ANAK Ambon itu telah mengenakan sarung tinju sejak berusia 13
tahun. Gara-ara sarung tinju itu pula ia terpaksa meninggalkan
bangku kelas dua SMP. Itulah Ellias Pikal, 21 tahun,
satu-satunya atlet Indonesia yang meraih medali emas dan
sekaligus menjadi Petinju Terbaik dari turnamen Piala Presiden
IV di Istora Senayan, Jakarta, minggu lampau.

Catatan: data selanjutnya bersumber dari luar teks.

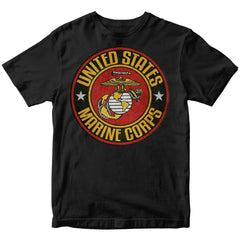 Marines Large Seal T-shirt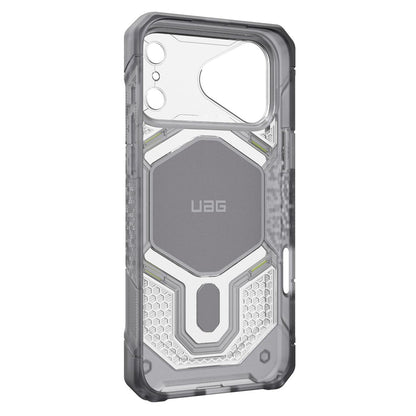 Etui MagSafe do Apple iPhone 18 Pro Max / 17 Pro Max, Urban Armor Gear, Monarch Pro, Srebrne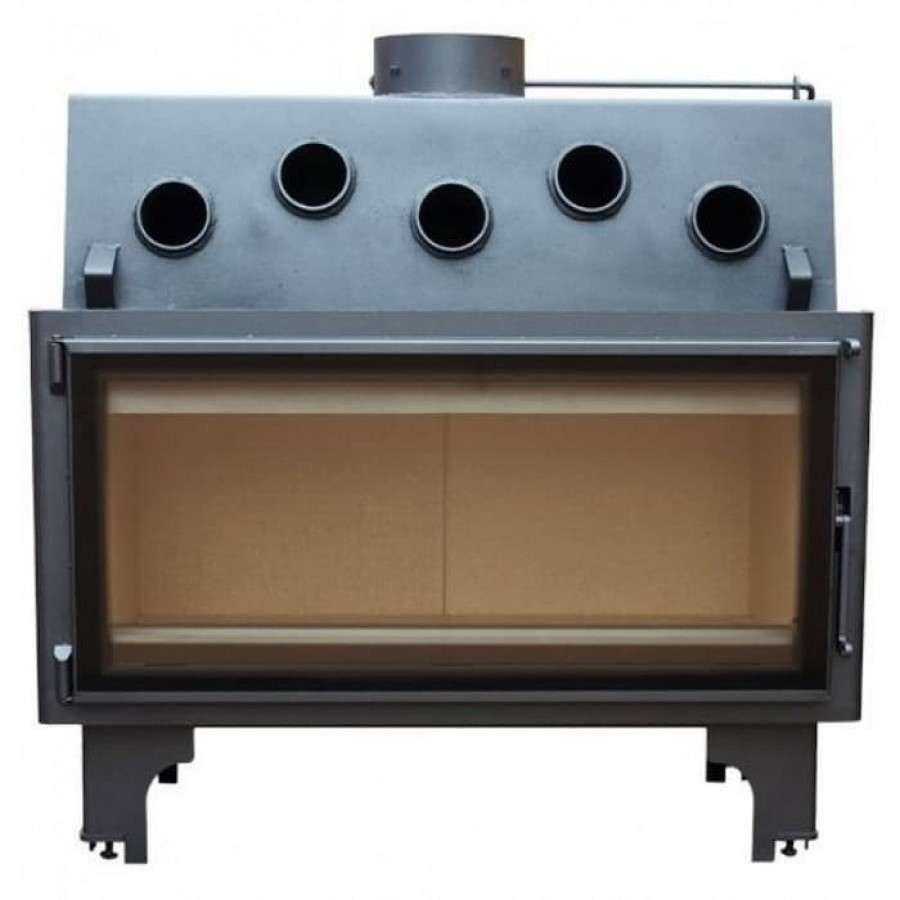 Каминная топка Kratki Mila Амазонка бай фото в Пинске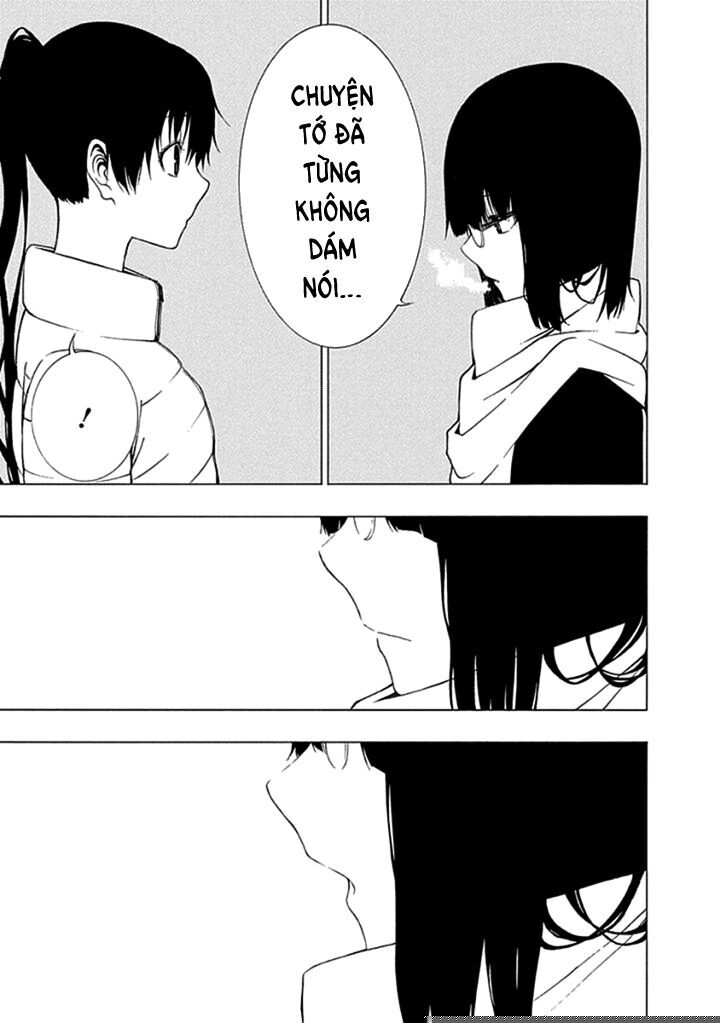 Xương Của Người Vô Hình Chapter 16 - Trang 2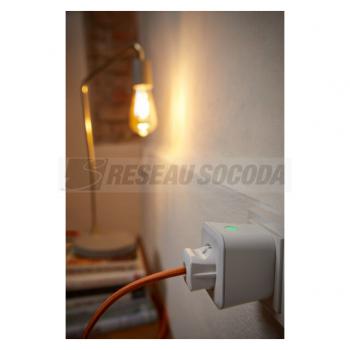  BT PLUG PRISE CONNECTEE 230V 
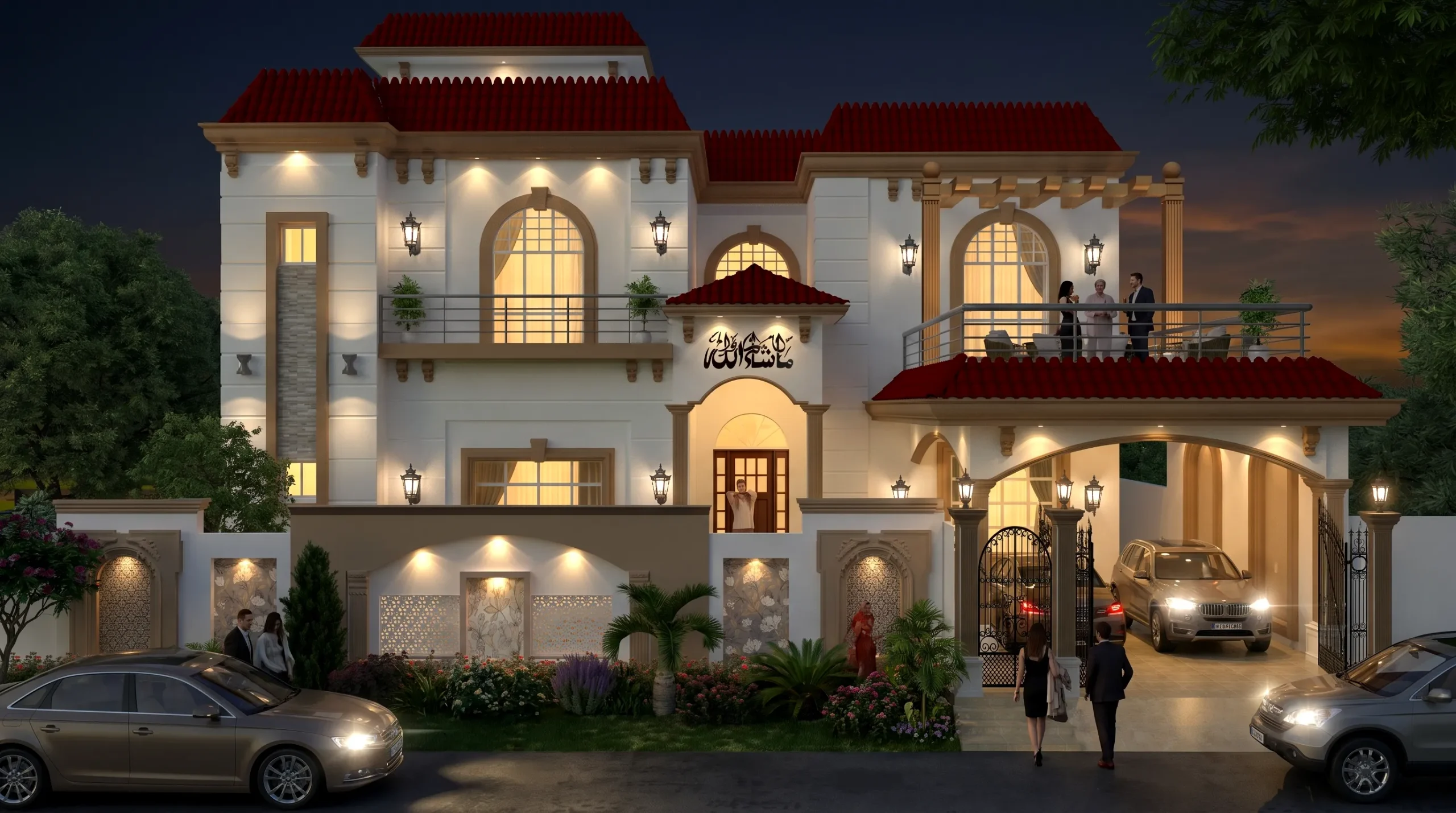 Front Elevation Design of House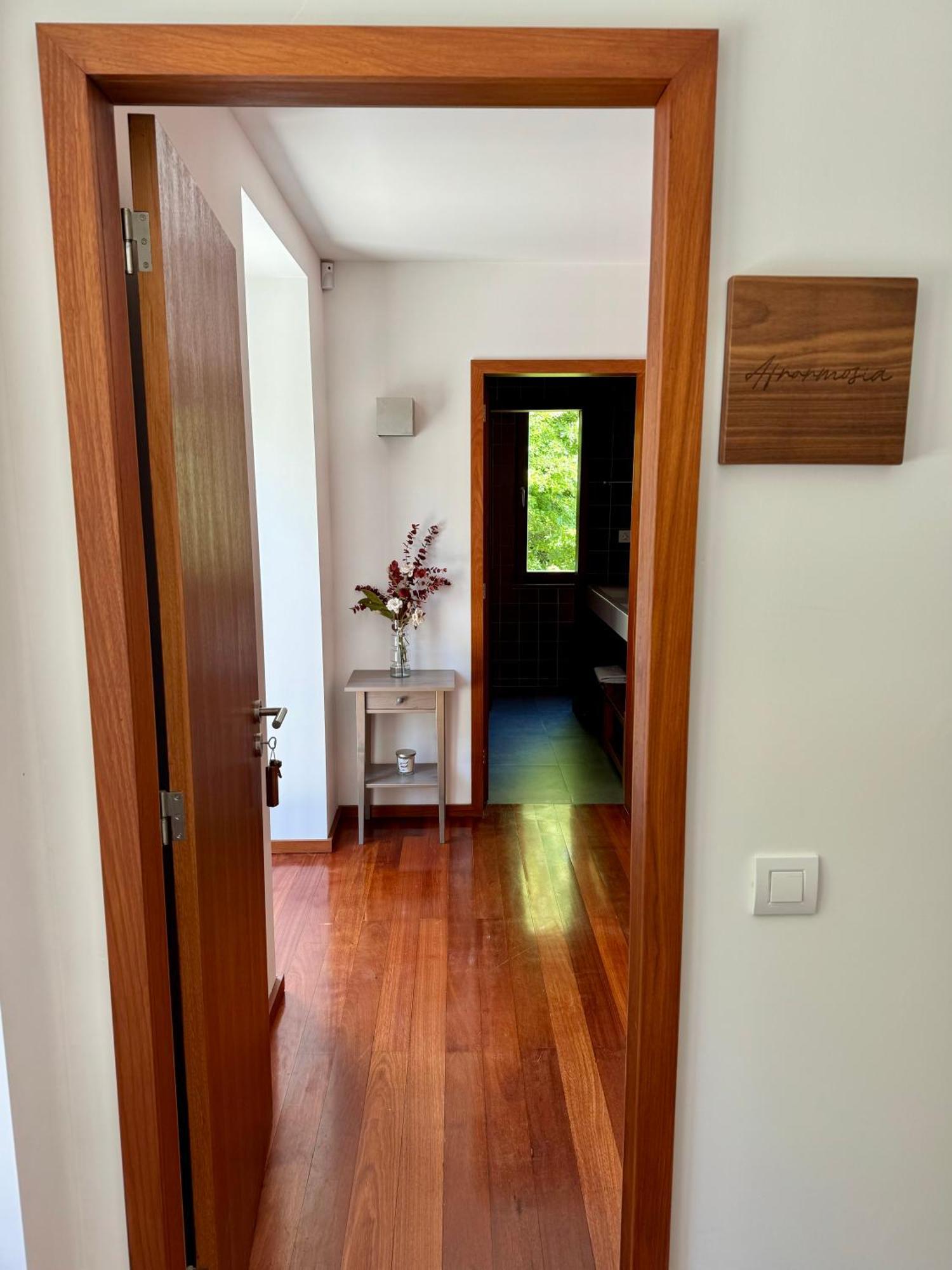 Quinta Trindade Bed & Breakfast Arouca Eksteriør bilde
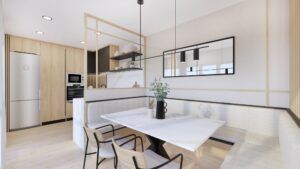 Proyecto K10 - EIRE Interiors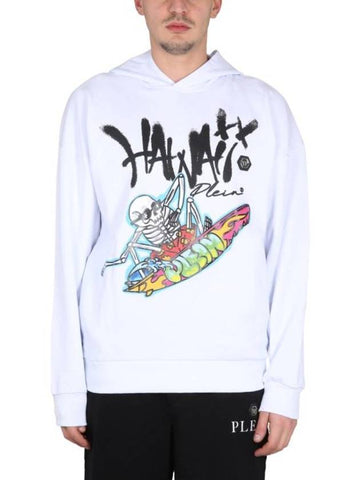 Hooded Sweatshirt SACCMJB2907 PJO002N01 - PHILIPP PLEIN - BALAAN 1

Sehari-hari dipanggil Elli, ia dalam final menundukkan petinju
Korea Selatan, Hong Dong Sik dengan angka. Ini merupakan partai
terbagus yang pernah dimainkannya. "Padahal persiapannya lebih
pendek dibandingkan kejuaraan tahun lalu," katanya. Tahun 1979,
ia pun meraih medali emas.
Di dalam negeri, Pikal selama dua tahun terakhir merupakan
petinju tak terkalahkan. Ia memegang gelar kampiun nasional di
kelas terbang. Teddy van Room -- pelatih nasional yang meninggal
tahun lalu -- pernah membinanya di Ambon. Pelatihnya sekarang
ialah Josef Tahupiary.
Dilahirkan di Saparua, Pikal dikenal rajin latihan, di luar
maupun dalam pelatnas. Bahkan tidak jarang di bawah panas terik.
Tidak heran bila berat badannya (51 kg) stabil dan kondisinya
terjaga baik. "Cita-cita saya menjadi juara Asia," kata petinju
ini yang tingginya cuma 162 cm.
Syamsul Anwar, kampiun nasional yang sekarang menjadi pelatih,
menilai bahwa Pikal bisa meraih keinginannya itu. "Pukulannya
komplit," katanya.
Di luar ring, kehidupan Pikal tak begitu menonjol. Ia masih
menganggur. Dengan 35 petinjunya yang terbagi dalam lima tim,
Indonesia bisa menempatkan empat finalis saja. Tahun lalu, juga
lima regu, tujuh finalisnya. "Saya kira tim Indonesia mundur
sekali," kata Tahupiary. Ia mempersoalkan pemusatan latihan yang
pendek.
Tapi Tranggono, Sekjen Pertina, menyebut tim Indonesia justru
berhasil. "Banyak petinju baru yang berkesempatan mengikuti
turnamen internasional ini," katanya.
Tim Uni Soviet yang menjadi juara umum, menurut pelatih Nagim
Khususnutdinov, cuma memasuki pemusatan latihan selama dua
pekan. "Sebelumnya kami latihan di kota masing-masing," kata
petinju Samson Hacatryan. Regu Soviet memboyong lima medali emas
dan Piala (bergilir) Presiden.
Khusnutdinov mengatakan tim Indonesia tampak seperti kurang
persiapan untuk terjun dalam suatu turnamen besar. "Teknik
bertanding mereka masih buruk, dan tak punya pukulan mematikan."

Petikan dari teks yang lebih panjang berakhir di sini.